Selon Fortune, il ne faut pas s’attendre à quoi que ce soit avant 2021. Et même si les deux chambres du Congrès basculent dans le camp démocrate, les Républicains ont toujours la possibilité divers outils de procédure pour bloquer l’adoption des projets de loi — ce camp étant historiquement sceptique à l’égard de toute initiative ayant trait au cadre antitrust. D’ailleurs, les Républicains n’ont pas signé ce rapport.
Comme le signale Axios, la commission antitrust ne va pas accoucher d’un rapport, mais de trois. Les deux autres seront fournis par les Républicains : il est prévu que le premier porte sur les supposés biais politiques des GAFA (les conservateurs ayant l’impression que leur voix est minorée, voire censurée par les géants du net), tandis que le dernier, au but plus vague, entend explorer une « troisième voie ».
Que disent les GAFA ?
Sans surprise, aucun des mis en cause ne partage les conclusions de la commission antitrust de la Chambre des représentants. Amazon et Google ont chacun sorti un billet de blog dédié, tandis que Facebook et Apple ont envoyé des communiqués à la presse, dont CNBC et Bloomberg. Chacun à leur manière, ils rappellent le rôle positif qu’ils estiment jouer dans la société américaine.
« Les grandes entreprises ne sont pas dominantes par définition, et la présomption selon laquelle le succès ne peut être que le résultat d’un comportement anticoncurrentiel est tout simplement erronée », argue Amazon, le jour de la publication du rapport. « Et pourtant, en dépit de preuves accablantes du contraire, ces erreurs figurent au cœur de la campagne de dénigrement de la réglementation antitrust.»
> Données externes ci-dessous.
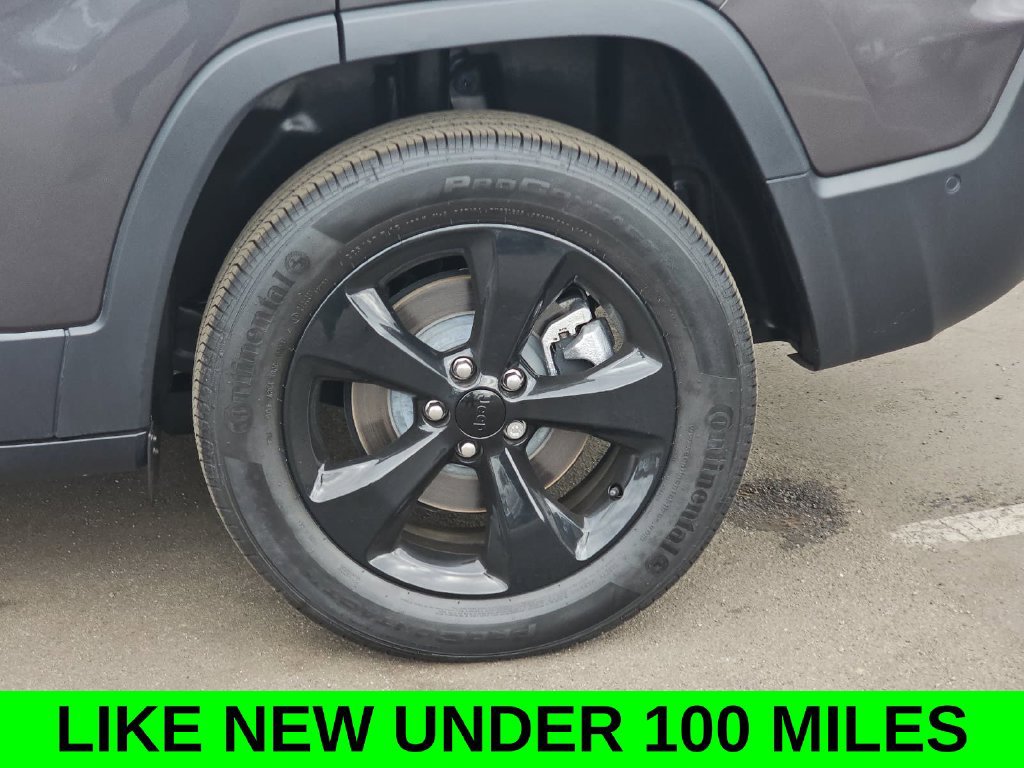 Used 2023 Jeep Cherokee Altitude Lux AWD/4WD image 37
Pour Google, « les Américains ne veulent pas que le Congrès casse les produits de Google ou nuise aux services gratuits qu’ils utilisent tous les jours ». Le groupe craint même que « nombre des propositions évoquées dans les rapports d’aujourd’hui causeraient un réel préjudice aux consommateurs, au leadership technologique des États-Unis et à l’économie américaine — tout cela sans gain évident. »
Facebook défend pour sa part le principe des acquisitions, courantes dans n’importe quel secteur économique. « Ce n’est qu’une des façons dont nous innovons dans les nouvelles technologies pour apporter plus de valeur aux gens ». En outre, Instagram et WhatsApp ne seraient pas ce qu’elles sont aujourd’hui sans les « milliards » qui ont été investis, assure le site, qui ajoute qu’il n’y avait pas de raison de l’empêcher de les acheter.
« Nous avons toujours dit qu’un contrôle est raisonnable et approprié », concède de son côté Apple, mais plutôt au sujet des autres : « Nous sommes en désaccord total avec les conclusions de ce rapport concernant Apple.» Pourquoi ? Parce qu’Apple n’aurait aucune part de marché dominante dans aucun secteur où le groupe est présent. Quant à la taxe des 30 %, c’est un taux commun appliqué par d’autres.